Here is my working code:
$cookie_file_path = "downloads/cookie.txt";
$fp = fopen($cookie_file_path, "w");
fclose($fp);
$ch = curl_init();
curl_setopt($ch, CURLOPT_HEADER, false);
curl_setopt($ch, CURLOPT_NOBODY, false);
curl_setopt($ch, CURLOPT_URL, $loginUrl);
curl_setopt($ch, CURLOPT_SSL_VERIFYHOST, 0);
curl_setopt($ch, CURLOPT_COOKIEJAR, $cookie_file_path);
curl_setopt($ch, CURLOPT_USERAGENT,
"Mozilla/5.0 (Windows; U; Windows NT 5.0; en-US; rv:1.7.12) Gecko/20050915 Firefox/1.0.7");
curl_setopt($ch, CURLOPT_RETURNTRANSFER, 1);
curl_setopt($ch, CURLOPT_SSL_VERIFYPEER, 0);
curl_setopt($ch, CURLOPT_FOLLOWLOCATION, 1);
curl_setopt($ch, CURLOPT_CUSTOMREQUEST, "POST");
curl_setopt($ch, CURLOPT_POST, 1);
curl_setopt($ch, CURLOPT_POSTFIELDS, $loginPostInfo);
curl_exec($ch);
// harddcode some known data
$downloadSize = 244626770;
$chuckSize = 1024*2048;
$filePath = "downloads/file.avi";
$file = fopen($filePath, "w");
$downloaded = 0;
$startTime = microtime(true);
while ($downloaded < $downloadSize) {
// DOWNLOAD
curl_setopt($ch, CURLOPT_RANGE, $downloaded."-".($downloaded + $chuckSize - 1));
curl_setopt($ch, CURLOPT_URL, $downloadUrl);
$result = curl_exec($ch);
$nowTime = microtime(true);
fwrite($file, $result);
echo "\n\nprogress: ".$downloaded."/".$downloadSize." - %".(round($downloaded / $downloadSize, 4) * 100);
$downloaded += $chuckSize;
// calculate kbps
$totalTime = $nowTime - $startTime;
$kbps = $downloaded / $totalTime;
echo "\ndownloaded: ".$downloaded." bytes";
echo "\ntime: ".round($totalTime, 2);
echo "\nkbps: ".(round($kbps / 1024, 2));
}
fclose($file);
curl_close($ch);
So is it possible to close the curl after the login curl_exec and then open a curl call again to download the file using the cookie I saved during the login part?
Yes it's possible.
CURLOPT_COOKIEJAR is the write path for cookies, while CURLOPT_COOKIEFILE is the read path for cookies.
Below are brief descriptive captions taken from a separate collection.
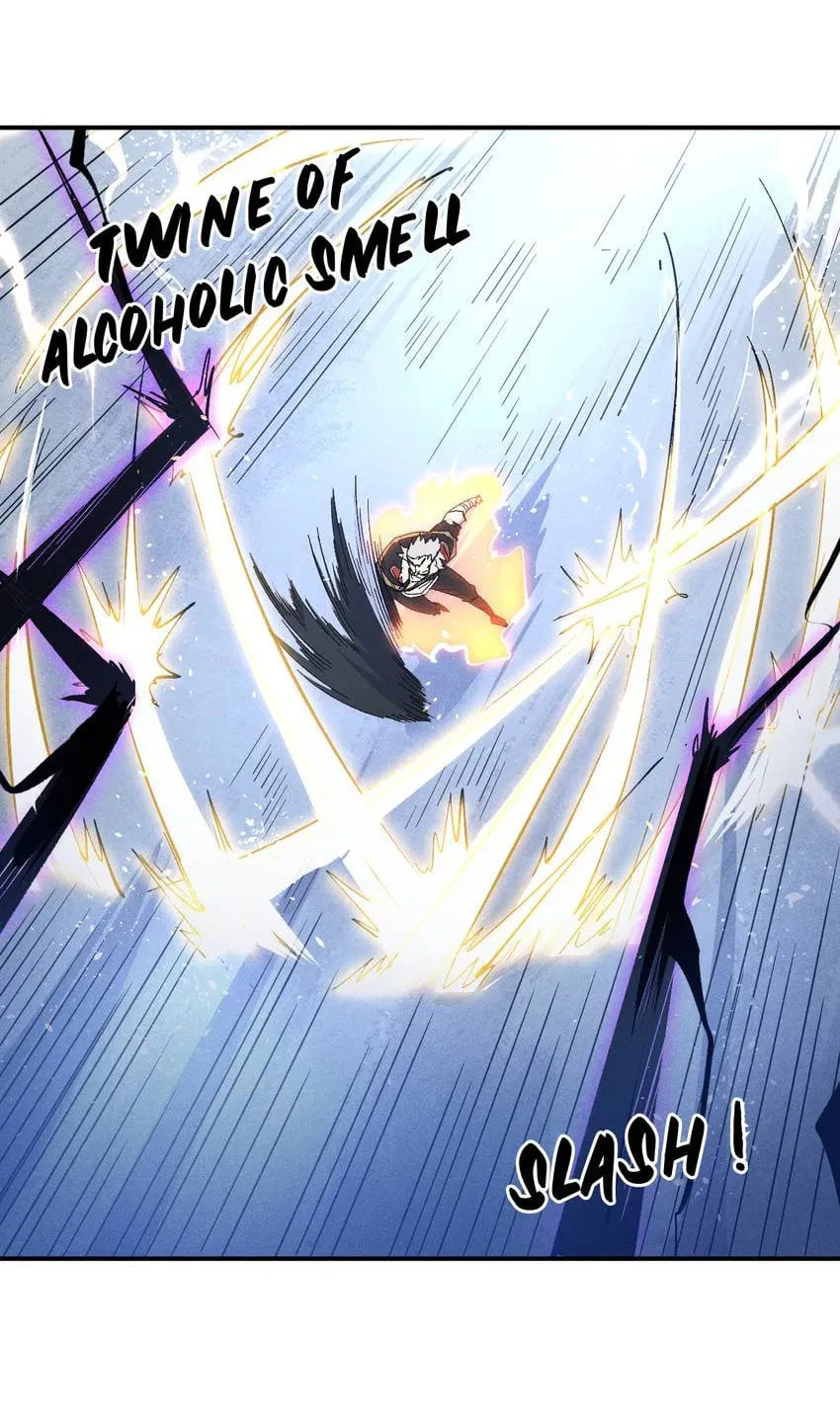 Read Penguin☆Brothers chapter 109 image 3 on Lezhin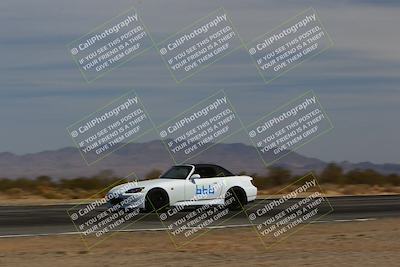 media/Mar-16-2025-Speed Ventures CVR (Sun) [[04681430d3]]/6-Yellow Group/Session 2 Turn 3 Exit Pans/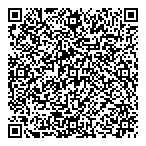QR код "Subaru-Group"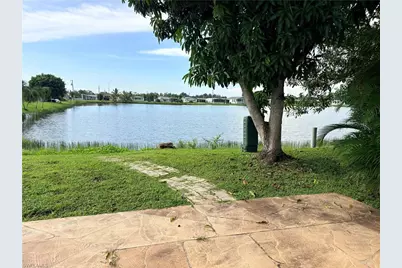 3062 Artesian Ln, North Fort Myers, FL 33917 - Photo 24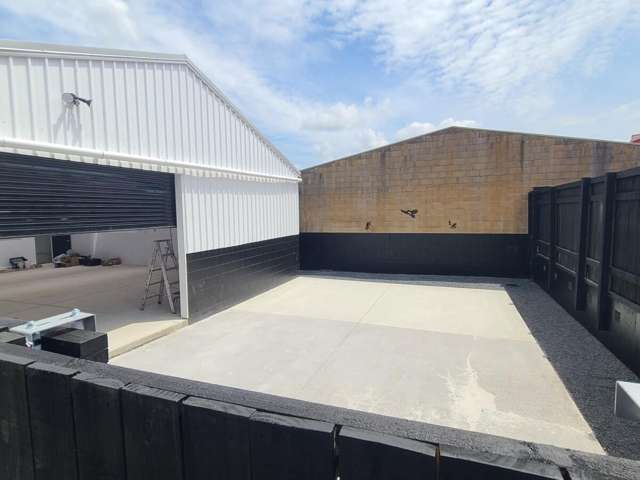 Unit 4, 12 Subway Road Pukekohe_2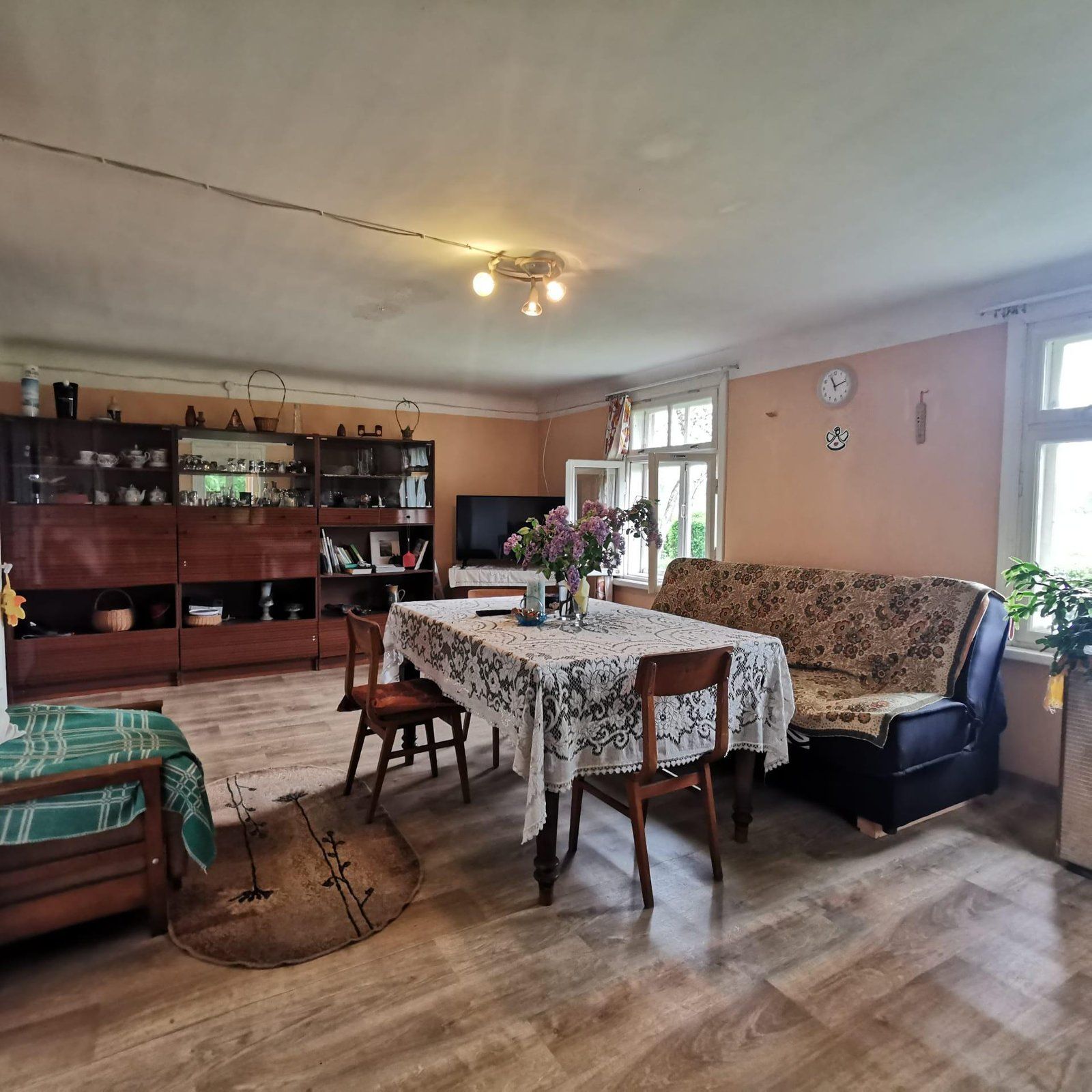 Privātmāja 98 m², Jūdaži — attēls 3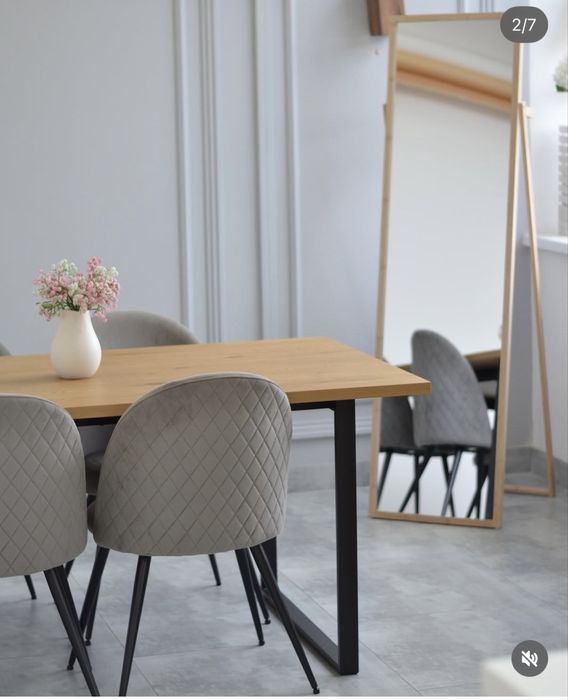 Продам готовий бізнес фотостудію з трьома фотозонами + фотофон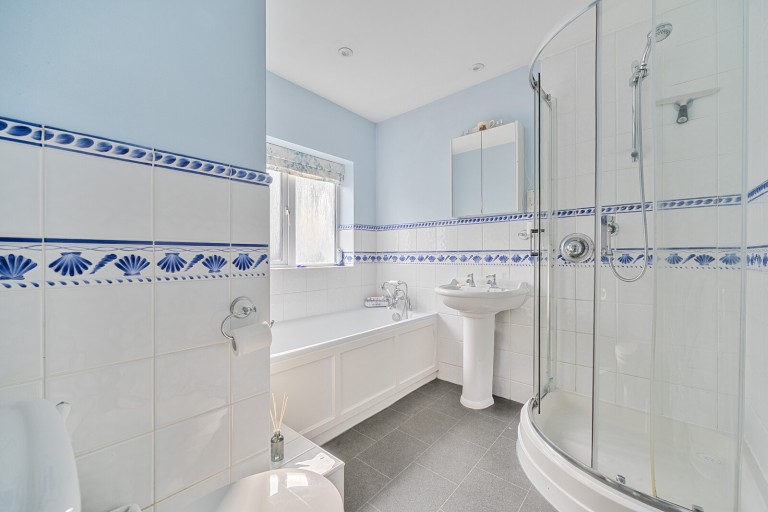 Images for Knaphill, Woking, Surrey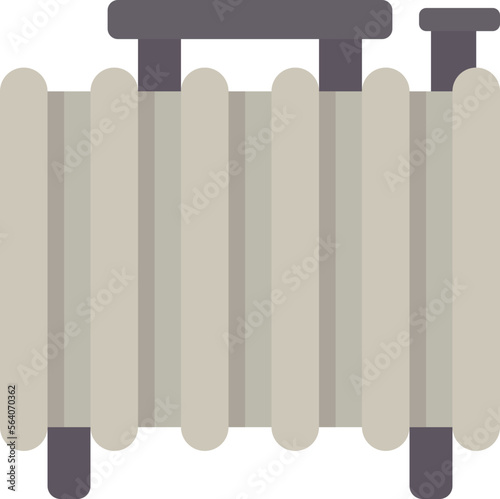 heater  icon
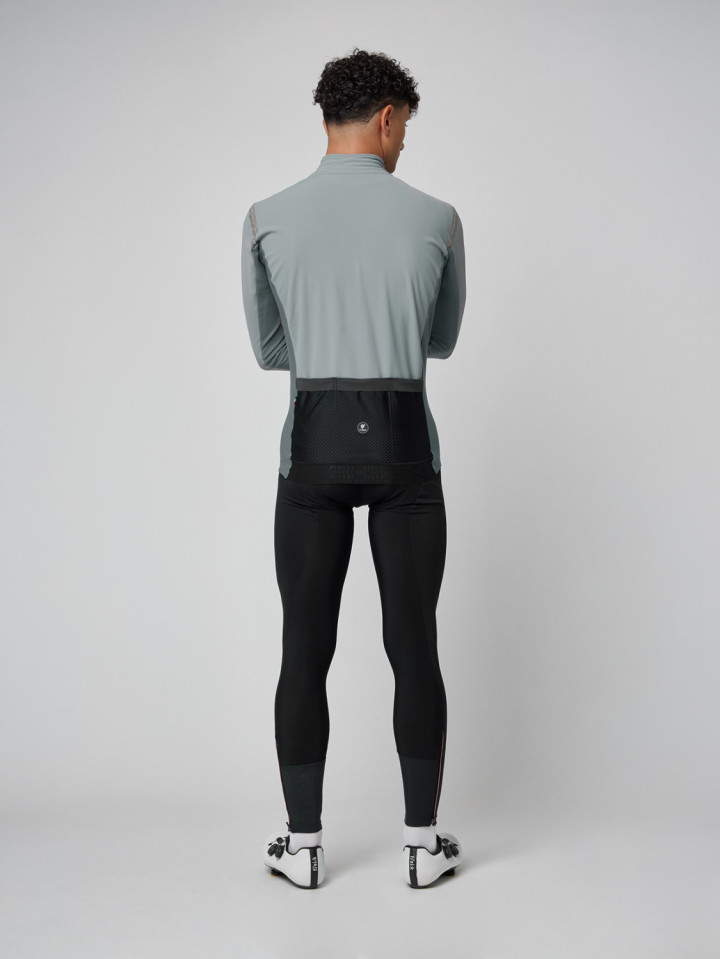 PISSEI: BUFERA JACKET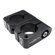 CineMilled Speedrail Clamp: Picture 2 thumbnail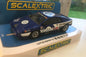 Lotus Esprit S1 Silverstone 1981 Gerry M 1/32 Scale Scalextric SCAC4352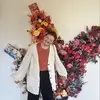 ella_bostic - @ella_bostic - TikTok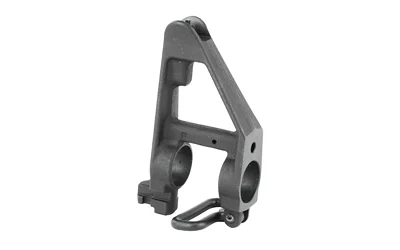 CMMG FRONT SIGHT BASE ASSEMBLY F - Image 2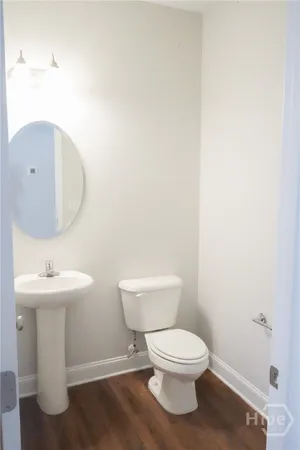 $2,350 | 35 Sago Palm Way, Bloomingdale, GA 31302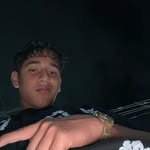 Elias Gil - @elias.gil.7121 - Instagram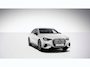 Mercedes-Benz C-klasse 400 4MATIC Launch Edition 94 kWh MBUX Hyperscreen | 20"'AMG Velgen | 360 Camera | Comfort Plus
If you provide CURLOPT_COOKIEFILE with the same path as you did with CURLOPT_COOKIEJAR, cURL will persist the cookies across requests:
curl_setopt($ch, CURLOPT_COOKIEJAR, $cookie_file_path);
curl_setopt($ch, CURLOPT_COOKIEFILE, $cookie_file_path);
On ImpressPages I've done it this way:
//initial request with login data
$ch = curl_init();
curl_setopt($ch, CURLOPT_URL, 'http://www.example.com/login.php');
curl_setopt($ch, CURLOPT_USERAGENT,'Mozilla/5.0 (X11; Linux x86_64) AppleWebKit/537.36 (KHTML, like Gecko) Ubuntu Chromium/32.0.1700.107 Chrome/32.0.1700.107 Safari/537.36');
curl_setopt($ch, CURLOPT_POST, true);
curl_setopt($ch, CURLOPT_POSTFIELDS, "username=XXXXX&password=XXXXX");
curl_setopt($ch, CURLOPT_RETURNTRANSFER, true);
curl_setopt($ch, CURLOPT_COOKIESESSION, true);
curl_setopt($ch, CURLOPT_COOKIEJAR, 'cookie-name'); //could be empty, but cause problems on some hosts
curl_setopt($ch, CURLOPT_COOKIEFILE, '/var/www/ip4.x/file/tmp'); //could be empty, but cause problems on some hosts
$answer = curl_exec($ch);
if (curl_error($ch)) {
echo curl_error($ch);
}
//another request preserving the session
curl_setopt($ch, CURLOPT_URL, 'http://www.example.com/profile');
curl_setopt($ch, CURLOPT_POST, false);
curl_setopt($ch, CURLOPT_POSTFIELDS, "");
$answer = curl_exec($ch);
if (curl_error($ch)) {
echo curl_error($ch);
}
Yes, please loop at the CURLOPT_COOKIEJAR and CURLOPT_COOKIEFILE. I see you already use CURLOPT_COOKIEJAR, so you should probably only dive into *_COOKIEJAR.